In this situation neither China nor any other member of the Security
Council asked that the DPRK be invited to present its view of this
conflict to the Security Council members as provided for in Article 31
of the UN Charter. Instead the Security Council expanded the sanctions
it has imposed on the DPRK by issuing a new resolution against the
DPRK, Resolution 2087( S/RES/2087(2013)), on January 22.
Instead of the members of the Security Council providing a process to
engage the DPRK in negotiations, as China and other members of the
Security Council had done in a few instances in the past, (5) all the
members of the Security Council went along with the US government
program of coercion and punishment of the DPRK.
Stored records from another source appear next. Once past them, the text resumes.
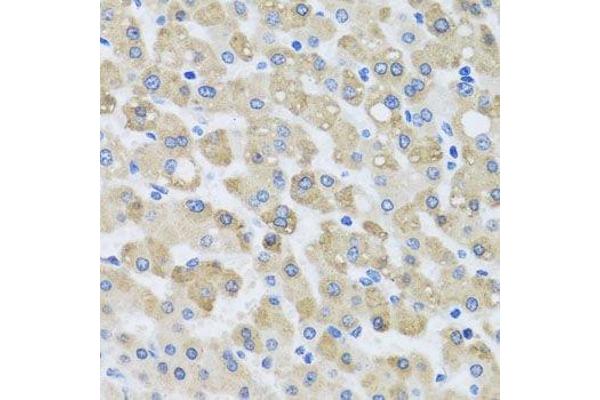 SNAP29 antibody  (AA 1-258)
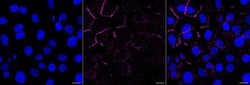 Invitrogen CD166 Recombinant Rabbit Monoclonal Antibody (23GB3405), Invitrogen 100 &mu;L | Buy Online | Invitrogen&trade; | Fisher Scientific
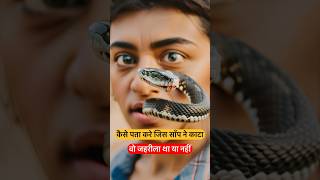 How to identify a poisonous and nonpoisonous snake ytshorts amazingfact viralvideo [upl. by Neau]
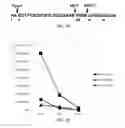 Fig. 16 - Methods of treatment using a pentapeptide derived from the C-Terminus of Glucagon-Like Peptide 1 (GLP-1)
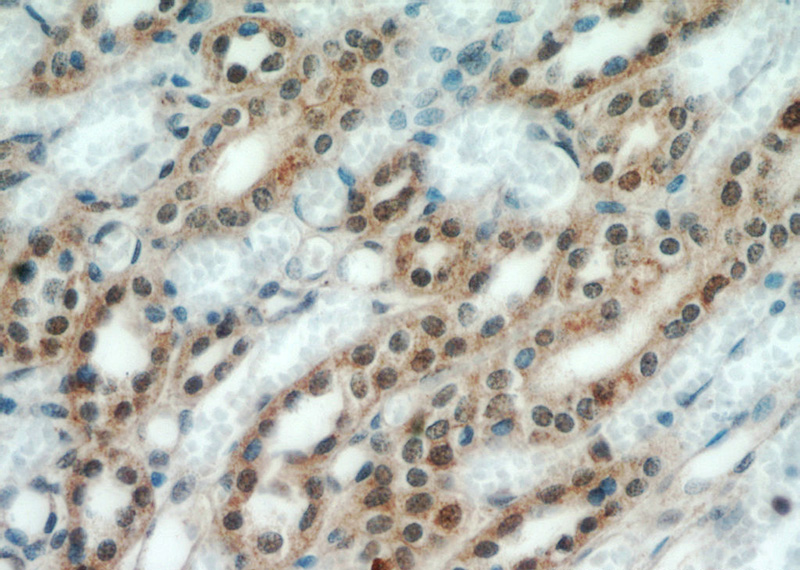 Immunohistochemical of paraffin-embedded human kidney using Catalog No:116541(UBE3A antibody) at dilution of 1:50 (under 40x lens)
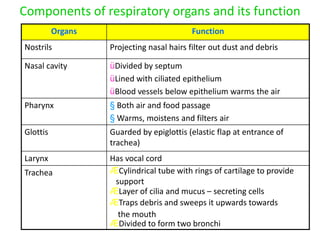 Components of respiratory organs and its function
Organs Function
Nostrils Projecting nasal hairs filter out dust and debris
Nasal cavity üDivided by septum
üLined with ciliated epithelium
üBlood vessels below epithelium warms the air
Pharynx § Both air and food passage
§ Warms, moistens and filters air
Glottis Guarded by epiglottis (elastic flap at entrance of
trachea)
Larynx Has vocal cord
Trachea ÆCylindrical tube with rings of cartilage to provide
support
ÆLayer of cilia and mucus – secreting cells
ÆTraps debris and sweeps it upwards towards
the mouth
ÆDivided to form two bronchi
 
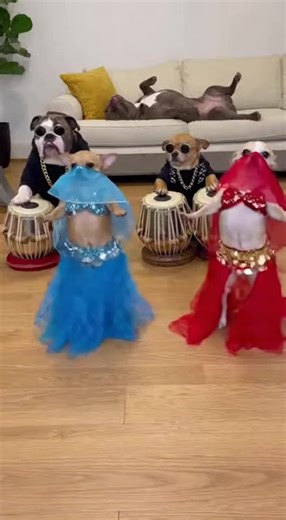 Two Dancing Chihuahuas… Titan Couldn’t Care Less 😴🐶💃 #trendingreels #dancers #dancechallenge #dancereels #viraltiktok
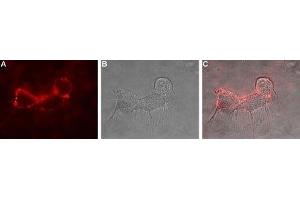 Immunocytochemistry (ICC) image for anti-Glutamate Receptor, Ionotropic, delta 1 (GRID1) (AA 407-419), (Extracellular) antibody (ABIN7043235)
The DPRK has explained that in response to hostile actions by the US
and the use of the Security Council to support hostile action by the US,
the DPRK needs to develop its nuclear defense capability. On February
12, 2013, the DPRK conducted its third nuclear test. The Security
Council then issued Resolution 2094( S/Res/2094(2013)) on March 7
imposing additional sanctions on the DPRK, including a set of financial
sanctions which are intended to reimpose substantial financial hardship
on the DPRK. These financial sanctions are part of the focus of
Resolution 2094.
These sanctions, journalists were told, were negotiated by the US
and China and then accepted by the other 13 members of the Security
Council. This is a process similar to that which was used in creating
Resolution 2087 punishing the DPRK for launching a satellite.
There is prior experience with what the US puts forward as its use of
financial sanctions against the DPRK, which has been called coercive
diplomacy. It is significant to recognize that the imposition of such US
financial sanctions against the DPRK preceded the first nuclear test
undertaken by the DPRK. In September 2005, the US government used a
little known provision of the US Patriot Act, Section 311 to blacklist a
bank, the Banco Delta Asia, because the DPRK had $25 million of its
funds in the bank. This resulted in the funds of this bank being frozen
and the DPRK losing access to the funds in its account for two years.
These financial sanctions were imposed in a such a manner that they
represented a threat that any bank doing business with the DPRK would be
vulnerable to similar sanctions, effectively denying the DPRK access to
the international banking system. (6)
Prior to the imposition of these financial sanctions against the DPRK
by the US, the DPRK had not tested any nuclear device. And it was only
after the DPRK carried out a nuclear test that the US State Department
became willing to negotiate about ending these financial sanctions.
So the US blacklisting of the Banco Delta Asia, an action taken by
the US Treasury Department against the DPRK, was the Godfather of the
DPRK’s determination to develop its nuclear capability. There are
present and past US government officials, however, who erroneously
claim that the Banco Delta Asia sanctions were effective in stopping the
DPRK’s nuclear program.(7) The opposite is the reality. The US
financial sanctions against the DPRK were one of the significant
factors which the DPRK cites which convinced them of the need for a
nuclear weapon as a defense against such US hostility.
Hence the financial sanctions wielded by powerful nations are the
thrust to spread nuclear proliferation not a means to contain
proliferation. The focus on the form of financial sanctions in
Resolution 2094 demonstrates the failure of the UN Security Council to
learn from past experience. The DPRK has documented how it has been the
victim of a hostile policy on the part of the US since its origin as a
result of the US imposed division of Korea after WWII.(8)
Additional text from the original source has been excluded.